Berhubung Kapal Perintis Sabuk Nusantara yang mengangkut tidak bisa sandar langsung, karena tidak ada pelabuhan, jadilah menunggu di tengah laut dengan melabuh jangkar.

Warga yang bersamaan ingin bepergian pun harus naik jasa perahu nelayan kecil dari daratan ke Kapal Perintis, termasuk Maryam dan dua muridnya. 

Biaya yang dikenakan Rp10.000 dan akan menempuh perjalanan tiga jam untuk mencapai Pulau Marabatuan.

"Tujuh murid sudah ikut kapal nelayan lain, kami sisa bertiga dengan penumpang warga," ujar Maryam, Sabtu (11/4/2026).

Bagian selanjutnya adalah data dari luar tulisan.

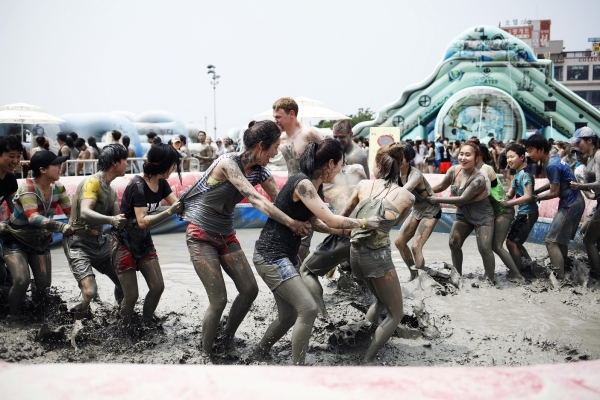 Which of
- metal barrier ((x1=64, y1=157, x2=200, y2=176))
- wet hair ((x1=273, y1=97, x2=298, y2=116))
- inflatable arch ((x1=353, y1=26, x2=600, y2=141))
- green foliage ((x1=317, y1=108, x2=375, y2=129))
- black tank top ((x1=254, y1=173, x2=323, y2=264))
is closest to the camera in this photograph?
black tank top ((x1=254, y1=173, x2=323, y2=264))

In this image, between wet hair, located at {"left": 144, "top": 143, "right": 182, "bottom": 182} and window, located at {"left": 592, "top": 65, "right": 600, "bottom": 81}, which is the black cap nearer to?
wet hair, located at {"left": 144, "top": 143, "right": 182, "bottom": 182}

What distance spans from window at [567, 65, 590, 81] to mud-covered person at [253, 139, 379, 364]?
76.7m

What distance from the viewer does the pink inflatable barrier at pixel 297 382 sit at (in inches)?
41.8

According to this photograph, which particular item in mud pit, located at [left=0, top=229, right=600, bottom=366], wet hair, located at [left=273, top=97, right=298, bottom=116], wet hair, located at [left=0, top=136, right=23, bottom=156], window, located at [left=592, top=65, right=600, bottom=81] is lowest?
mud pit, located at [left=0, top=229, right=600, bottom=366]

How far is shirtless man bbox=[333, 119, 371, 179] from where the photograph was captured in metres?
6.60

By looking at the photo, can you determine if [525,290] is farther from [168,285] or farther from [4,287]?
[4,287]

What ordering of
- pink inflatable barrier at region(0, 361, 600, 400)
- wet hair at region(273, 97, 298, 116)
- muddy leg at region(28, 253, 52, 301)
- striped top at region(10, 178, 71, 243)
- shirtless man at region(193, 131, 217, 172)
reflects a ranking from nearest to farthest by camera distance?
pink inflatable barrier at region(0, 361, 600, 400) < striped top at region(10, 178, 71, 243) < muddy leg at region(28, 253, 52, 301) < wet hair at region(273, 97, 298, 116) < shirtless man at region(193, 131, 217, 172)

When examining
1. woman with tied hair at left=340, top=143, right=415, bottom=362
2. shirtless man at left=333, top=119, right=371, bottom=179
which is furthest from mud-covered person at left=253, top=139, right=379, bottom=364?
shirtless man at left=333, top=119, right=371, bottom=179

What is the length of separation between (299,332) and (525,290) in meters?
4.35

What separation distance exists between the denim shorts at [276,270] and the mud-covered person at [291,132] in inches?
78.3

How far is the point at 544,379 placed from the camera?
1.08 metres

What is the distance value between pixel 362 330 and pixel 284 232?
130 cm

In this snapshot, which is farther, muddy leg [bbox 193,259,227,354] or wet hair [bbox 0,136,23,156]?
wet hair [bbox 0,136,23,156]

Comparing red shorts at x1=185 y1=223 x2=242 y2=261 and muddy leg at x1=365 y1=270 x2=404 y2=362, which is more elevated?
red shorts at x1=185 y1=223 x2=242 y2=261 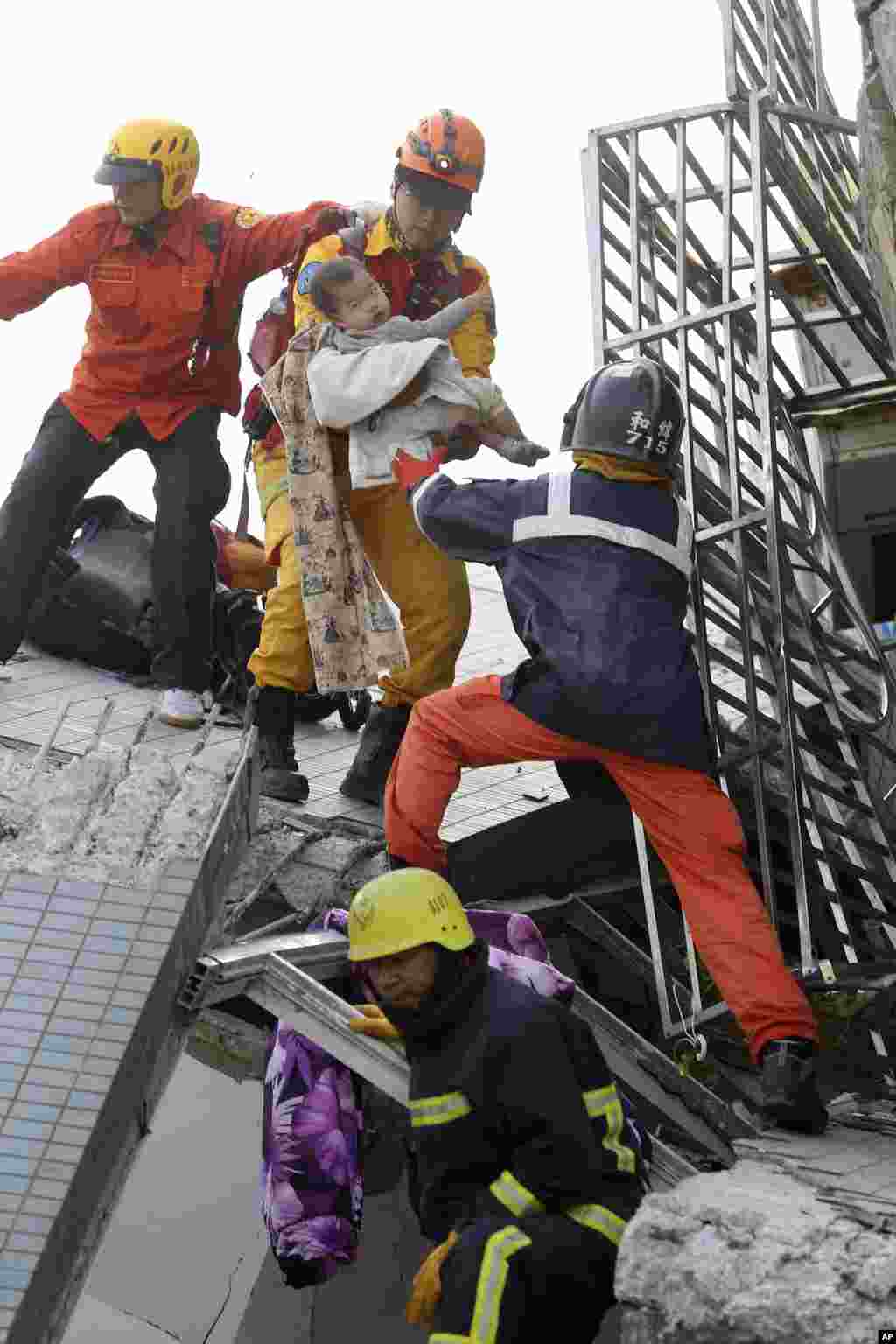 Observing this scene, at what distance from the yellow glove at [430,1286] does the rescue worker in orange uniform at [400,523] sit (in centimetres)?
238

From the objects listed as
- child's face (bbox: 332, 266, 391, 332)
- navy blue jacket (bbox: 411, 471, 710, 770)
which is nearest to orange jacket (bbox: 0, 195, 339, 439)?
child's face (bbox: 332, 266, 391, 332)

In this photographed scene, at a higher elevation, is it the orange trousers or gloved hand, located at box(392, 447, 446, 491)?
gloved hand, located at box(392, 447, 446, 491)

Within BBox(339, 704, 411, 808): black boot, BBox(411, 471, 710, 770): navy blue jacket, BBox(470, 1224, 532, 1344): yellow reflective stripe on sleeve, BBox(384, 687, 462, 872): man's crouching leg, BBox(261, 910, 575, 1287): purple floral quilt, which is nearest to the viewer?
BBox(470, 1224, 532, 1344): yellow reflective stripe on sleeve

Naas, saat sudah menaiki perahu nelayan, mendadak perahu oleng sehingga penumpang dan barang berjatuhan di laut.

Maryam bersama muridnya pun terpaksa urung berangkat dan menunggu keberangkatan Perintis di hari berikutnya. 

Kejadian ini pun masih diingat Maryam, karena juga sempat terminum air laut saat berupaya muncul kepermukaan dan ditolong warga sekitar.

Beruntung pada insiden ini tidak ada korban jiwa maupun luka, hanya saja saja sejumlah barang-barang basah, termasuk hp dan laptop milik penumpang.

Mengenai kondisi ini, Riska, guru SMPN 1 Pulau Sembilan yang menetap di Pulau Maradapan turut mengaku prihatin. 

Kondisi serupa sudah kerap terjadi, bahkan saat kondisi gelombang tenang, mengingat belum ada dermaga yang dibangun untuk tambat kapal besar di pulau tersebut. 

Ia pun berharap kejadian ini menjadi perhatian bersama dalam memberikan pelayanan untuk masyarakat, terlebih dalam mempermudah pendidikan anak-anak.

Baca juga: TKA SMP Diumumkan Mei, Siswa di SMPN 1 Rantau Ini Berharap Hasilnya Dukung Masuk SMA Favorit

"Untuk anak-anak, saya terus menekankan untuk bersabar, demi masa depan. Kalau kita ingin berhasil haruslah bersungguh-sungguh daalam menuntut ilmu.

Mengigat perjuangan kita sebagai anak pulau yg terpencil yang serba terbatas, kita harus bisa mmbuktikan, kita juga mampu meraih cita-cita seperti anak-anak kota yang lainya," pesan Riska. (Banjarmasinpost.co.id/Muhammad Tabri)


Foto: Riska/Istimewa

Sejumlah penumpang, termasuk dua murid dan satu guru SMPN 1 Pulau Sembilan mengapung, karena perahu yang dinaiki oleng hingga tercebur ke laut  sesaat hendak menuju Kapal Perintis Sabuk Nusantara yang akakn menuju Pulau Marabatuan, Rabu (1/4/2026).